Italian feature film to be shot in Malta this spring

E l’angelo partì da lei will be transposing its action from Milan to Malta after Malta Film Commission lured the production to our shores. 

Film director Claudio Malaponti (left), with €-Sell’s Francesco Colucci and author Pino Farinotti (right)
Film director Claudio Malaponti (left), with €-Sell’s Francesco Colucci and author Pino Farinotti (right)

Thanks to its participation in the EuroScreen Interreg IVC project with a number of European film commissions, universities and regional development agencies, led by Film London, the Fondazzjoni Temi Zammit (FTZ) has embarked on new initiatives to boost the local screen tourism industry.

Among other outputs, FTZ has produced a local implementation plan and a manual for the European partnership to exploit their potential film locations and enhance the economic benefits of screen tourism.

As a result of its new networks and contacts in the industry, FTZ has also managed to attract the attention of film producers scouting for locations for their new projects. The first of these consists in a film based on Pino Farinotti’s novel called ‘E l’angelo partì da lei’. 

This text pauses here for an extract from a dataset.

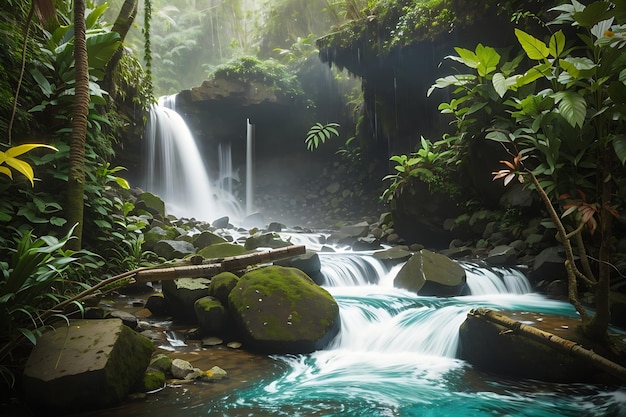 Waterfall hidden in the tropical jungle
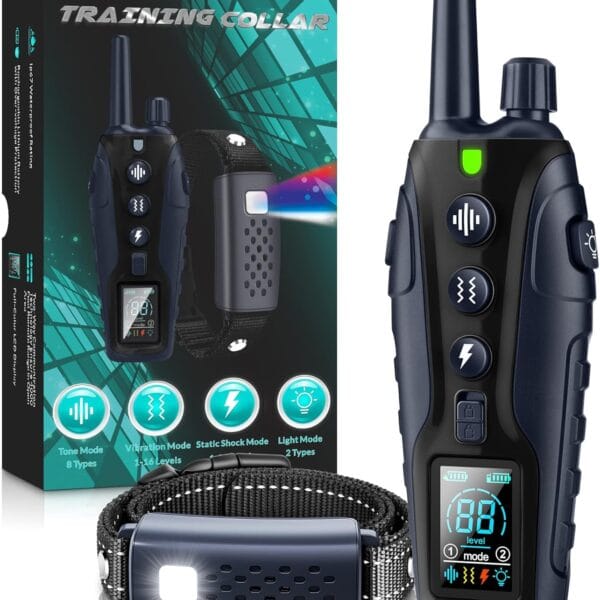 Dog Training Collar - 4000FT Dog Training Collar with Remote Waterproof e Collar with Flashing Light, Adjustable Pitch Beep(1-8), Vibration(1-16), and Keypad Lock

An article by Mauro Molinaroli in Piacenza’s leading newspaper Libertà, published under the Culture and Entertainment page on 27 December 2014, claims that Farinotti has sold the rights of his novel to €-Sell, a Maltese company which, together with other groups, will produce the film.

The article, entitled ‘Farinotti’s Angel for the movies’, reports that this formal act bearing the signature of Francesco Colucci, sole director of €-Sell, effectively signifies the start of production. 

Farinotti, a Milanese author whose family hails from Piacenza, has also written the script of the film along with Claudio Malaponti, who will be directing it. Malaponti is the director of 7 km da Gerusalemme, based on Farinotti’s 2007 bestselling novel. 

The decision to relocate the film to Malta was taken after meetings with the Malta Film Commissioner, Engelbert Grech, where the incentives offered by the Maltese Government to film producers were discussed. Even the Malta Tourism Authority is supporting the production, which has also won the support of some other European contributions. The budget amounts to around €3.4 million. 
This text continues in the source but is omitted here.